Less intrusive than tags are cameras (including camera-traps) and listening devices. The ultrasonic calls that bats make, for example, enable us to identify species and to plot the places where bats feed and the routes that bats take when they commute between roosting and feeding sites. Permanently stationed bat detectors can automatically monitor and map calls in real time. This is already being done by University College London in the Queen Elizabeth Olympic Park, London, for example. It is easy to imagine such a scheme being expanded to cover a whole city, so that habitat networks for bats could be monitored and improved.
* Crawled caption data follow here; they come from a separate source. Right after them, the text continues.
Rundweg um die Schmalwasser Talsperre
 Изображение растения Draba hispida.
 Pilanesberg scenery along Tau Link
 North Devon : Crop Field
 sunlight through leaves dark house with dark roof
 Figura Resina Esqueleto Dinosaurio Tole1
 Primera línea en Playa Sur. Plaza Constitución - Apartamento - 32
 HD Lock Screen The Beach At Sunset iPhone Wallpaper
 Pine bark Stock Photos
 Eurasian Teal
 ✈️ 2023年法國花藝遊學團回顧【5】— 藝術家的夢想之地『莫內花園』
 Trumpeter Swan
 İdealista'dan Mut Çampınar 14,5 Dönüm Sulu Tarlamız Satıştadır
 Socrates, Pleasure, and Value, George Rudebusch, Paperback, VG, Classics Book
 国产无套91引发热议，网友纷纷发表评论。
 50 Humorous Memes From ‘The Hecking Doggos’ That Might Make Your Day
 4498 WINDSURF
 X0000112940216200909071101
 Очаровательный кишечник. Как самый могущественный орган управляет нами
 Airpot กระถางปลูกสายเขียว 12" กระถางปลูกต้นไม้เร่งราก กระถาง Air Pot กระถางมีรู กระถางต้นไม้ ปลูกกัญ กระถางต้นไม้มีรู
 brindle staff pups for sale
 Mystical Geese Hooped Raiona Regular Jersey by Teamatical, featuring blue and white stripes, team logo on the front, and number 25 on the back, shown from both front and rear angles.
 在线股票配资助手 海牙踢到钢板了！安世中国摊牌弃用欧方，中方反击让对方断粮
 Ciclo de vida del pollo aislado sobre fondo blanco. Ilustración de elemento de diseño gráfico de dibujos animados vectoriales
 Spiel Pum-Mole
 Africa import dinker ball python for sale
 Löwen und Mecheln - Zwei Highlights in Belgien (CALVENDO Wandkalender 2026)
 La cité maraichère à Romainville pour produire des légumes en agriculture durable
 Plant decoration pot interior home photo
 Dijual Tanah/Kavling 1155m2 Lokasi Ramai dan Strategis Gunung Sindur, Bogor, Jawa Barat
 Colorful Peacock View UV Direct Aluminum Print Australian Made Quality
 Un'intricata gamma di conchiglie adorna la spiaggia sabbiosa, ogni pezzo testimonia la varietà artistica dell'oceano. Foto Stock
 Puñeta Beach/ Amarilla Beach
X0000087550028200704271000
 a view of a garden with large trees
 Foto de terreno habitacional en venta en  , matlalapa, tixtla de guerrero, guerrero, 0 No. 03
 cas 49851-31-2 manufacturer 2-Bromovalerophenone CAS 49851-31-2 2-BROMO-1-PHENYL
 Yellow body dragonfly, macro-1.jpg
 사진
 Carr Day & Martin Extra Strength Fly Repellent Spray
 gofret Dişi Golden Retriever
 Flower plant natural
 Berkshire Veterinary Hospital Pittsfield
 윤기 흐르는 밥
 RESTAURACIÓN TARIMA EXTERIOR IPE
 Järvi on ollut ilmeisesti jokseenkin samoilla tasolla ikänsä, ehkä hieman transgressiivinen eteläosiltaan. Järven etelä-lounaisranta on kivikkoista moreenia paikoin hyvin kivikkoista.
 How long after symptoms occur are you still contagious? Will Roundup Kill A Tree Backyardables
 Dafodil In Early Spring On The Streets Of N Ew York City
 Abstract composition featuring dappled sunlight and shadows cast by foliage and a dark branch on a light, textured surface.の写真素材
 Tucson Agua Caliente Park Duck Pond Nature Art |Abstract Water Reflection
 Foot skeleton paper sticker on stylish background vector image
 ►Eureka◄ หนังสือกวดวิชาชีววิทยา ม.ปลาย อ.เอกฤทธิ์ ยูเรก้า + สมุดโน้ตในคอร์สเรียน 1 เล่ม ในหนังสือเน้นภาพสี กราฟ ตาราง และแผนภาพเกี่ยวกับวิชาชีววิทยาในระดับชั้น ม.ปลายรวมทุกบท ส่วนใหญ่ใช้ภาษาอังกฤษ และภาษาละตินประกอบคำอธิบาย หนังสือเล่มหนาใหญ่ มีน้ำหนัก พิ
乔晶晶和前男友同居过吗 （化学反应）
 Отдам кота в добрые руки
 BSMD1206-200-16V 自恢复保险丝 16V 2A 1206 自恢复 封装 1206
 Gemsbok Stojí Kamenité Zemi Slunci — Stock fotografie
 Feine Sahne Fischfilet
As well as bats, many other species can be identified by sounds, from insects to birds, to whole ecosystems, so that work of Krause and his natural soundscapes could be brought into the city, in a way that will help us to green the city in a more effective and informed way. Machine learning will mean that the identification and mapping of habitats, species and green infrastructure types using aerial photography, cameras and camera-traps with both visible and invisible wavelengths can be expanded and refined.
In conclusion, it seems that smart cities are coming. However, it is important that smart cities are as much about nature, health, and wellbeing as traffic flows, crime detection, and evermore efficient provision of utilities. Making the city more permeable to both wildlife and people is a process that could be informed by bringing sensors that monitor the movement of wildlife. Climate change adaptation using natural interventions is already on the agenda of many cities. However, the efficacy of green infrastructure types and combinations in providing cooling and absorbing rainwater will be significantly improved through both detailed and wide-scale real-time measurement of temperature, humidity, evapotranspiration rate and flows. Combining this data with maps of hardship and deficiency will help cities to become smarter in the way they prioritise greening efforts.
About the Writer:
Gary Grant is a Chartered Environmentalist, Fellow of the Institute of Ecology and Environmental Management, Fellow of the Leeds Sustainability Institute, and Thesis Supervisor at the Bartlett Faculty of the Built Environment, University College London. He is Director of the Green Infrastructure Consultancy (http://greeninfrastructureconsultancy.com/).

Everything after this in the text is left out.